Ancien vice-président du groupe L’Oréal, Robert Salmon appartient à l’espèce des industriels éclairés, pour qui l’expansion économique ne peut se faire sans le souci de la préservation des choses et des êtres. Publié en 2002, l’ouvrage «21 Défis pour le XXIe siècle» témoignait déjà de cet engagement dans la réflexion prospective. Son dernier livre, «Sauver demain», est préfacé par Nicolas Hulot. Rencontre.

Le 24 juin 2002, dans ces mêmes colonnes, je vous interrogeais sur le rôle de la spéculation financière et vous me répondiez: «La bourse pousse au crime». Sept ans après, avez-vous changé d’avis?

Robert Salmon: Pas du tout: la bourse pousse au crime, plus que jamais!
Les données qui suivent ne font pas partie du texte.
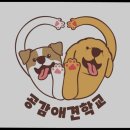 공감애견학교 | [김포 호텔/가격/후기] 공감애견학교 김포 애견훈련 전문의 기초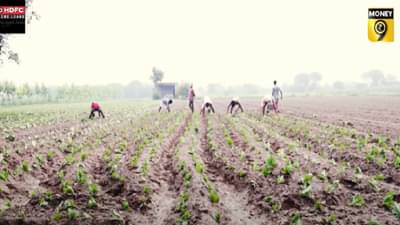 काय आहे अल्पभूधारक शेतकऱ्याच्या बजेटकडून अपेक्षा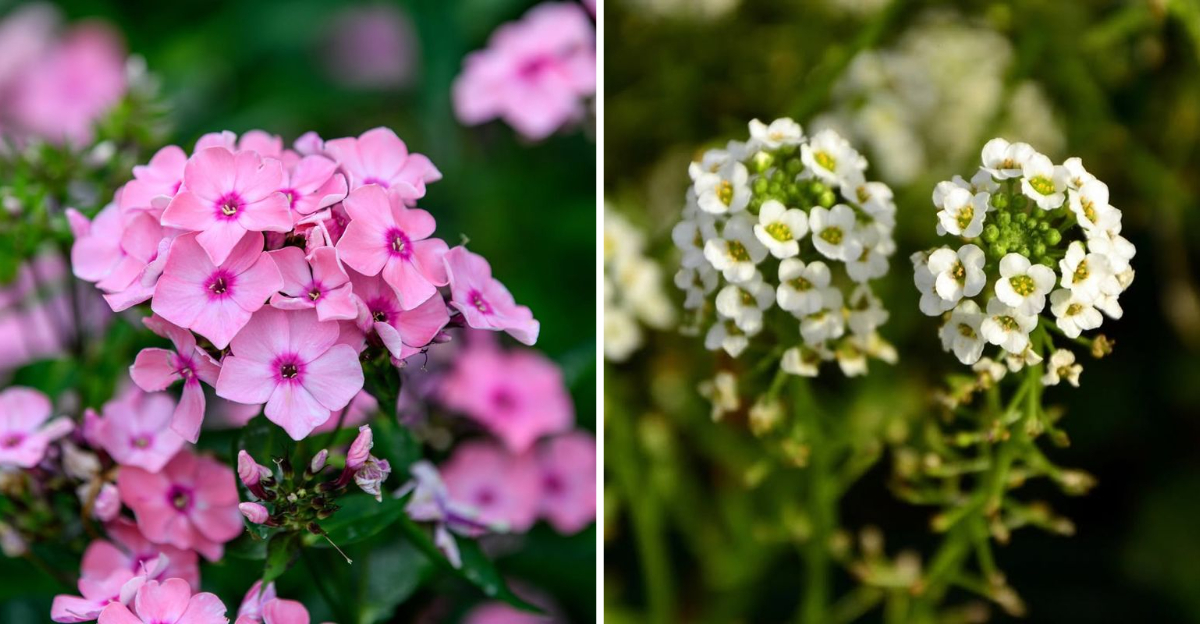 Still Time To Plant These 9 Flowers In Florida This January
Les gains qu’elle permet d’obtenir sont effrayants: 150 milliards distribués aux courtiers sous forme de bonus! Non moins effarant est ce qui risque de se passer, si l’emballement boursier se poursuit au cours des trois prochains mois. Comme il succède à une très grave crise, rien ne dit, en effet, que la consommation suivra. On sera alors dans le pétrin.

C’est-à-dire?

L’argent sale prolifère, malgré ou à cause de la hausse de la bourse. Le poids de l’économie clandestine s’accroît du fait même de la crise. Les mafias montent encore en puissance. Certains pays sont carrément dans leurs mains. On parle beaucoup, dans les médias, des paradis fiscaux, mais c’est du pipeau, à côté du vrai problème que constitue le recyclage de l’argent du crime. Ce dernier s’investit dans des sociétés honorables avec la complaisance des gouvernements. Personne n’ose en parler.
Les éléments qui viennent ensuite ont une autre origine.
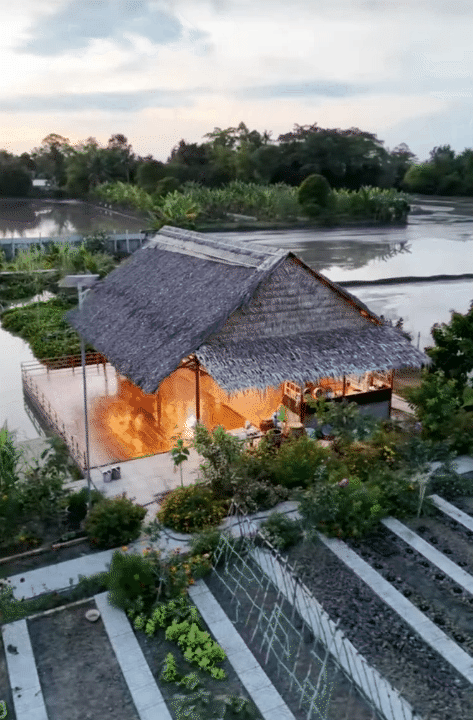 Bỏ phố về qu&ecirc;, vợ chồng miền T&acirc;y biến mảnh đất 3.000m2 kh&ocirc; cằn th&agrave;nh khu vườn được quy hoạch thẳng tắp như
Quelles devraient être les priorités des gouvernements, à votre avis?

Le problème numéro un est sans conteste l’explosion démographique. Nous nous acheminons vers une raréfaction alimentaire déjà constatée dans certaines régions du Sud. Un deuxième souci est le réchauffement climatique. A terme, 30% des régions côtières sont menacées. Nous devons donc réinventer une nouvelle manière de vivre, de penser. Il faudra aussi apprendre à partager. Cela implique une coopération croissante entre les gouvernements. A cet égard, je pense que la transformation du G8 en G20 est un pas dans la bonne direction.

La presse traverse une grave crise. A-t-elle aussi un rôle à jouer?

Absolument. Mais les schémas de l’information doivent être révisés de fond en comble. Un ouvrage de Dan Tapscott explique le comportement des enfants du Net. Ils vivent sur une autre planète que leurs aînés. Ils achètent autrement. Ils ne lisent plus de journaux, ne regardent plus la TV. Tout se passe sur le Web. Les jeunes ont l’impression qu’ils vivront moins bien que leurs parents et se tournent vers autre chose. Quelque part, ils sont moins angoissés, même s’ils vivent dans la précarité.

Les Etats sont-ils conscients de ces nouveaux enjeux? Qui va «sauver demain»?

En France, on constate un certain effort. Des personnalités comme Nicolas Hulot, des députés européens comme Cohn-Bendit posent les bonnes questions. Qui va «sauver demain»? Je m’interroge aussi. Mon livre propose un «conseil des générations futures» disposant d’un droit de veto sur les mauvaises décisions. Un signe encourageant est le simple fait que Nicolas Sarkozy, à qui j’ai envoyé l’ouvrage, a accusé réception avec des mots qui dépassent la simple formule de politesse. Le danger est que l’égoïsme des Etats ne finisse par prendre le dessus.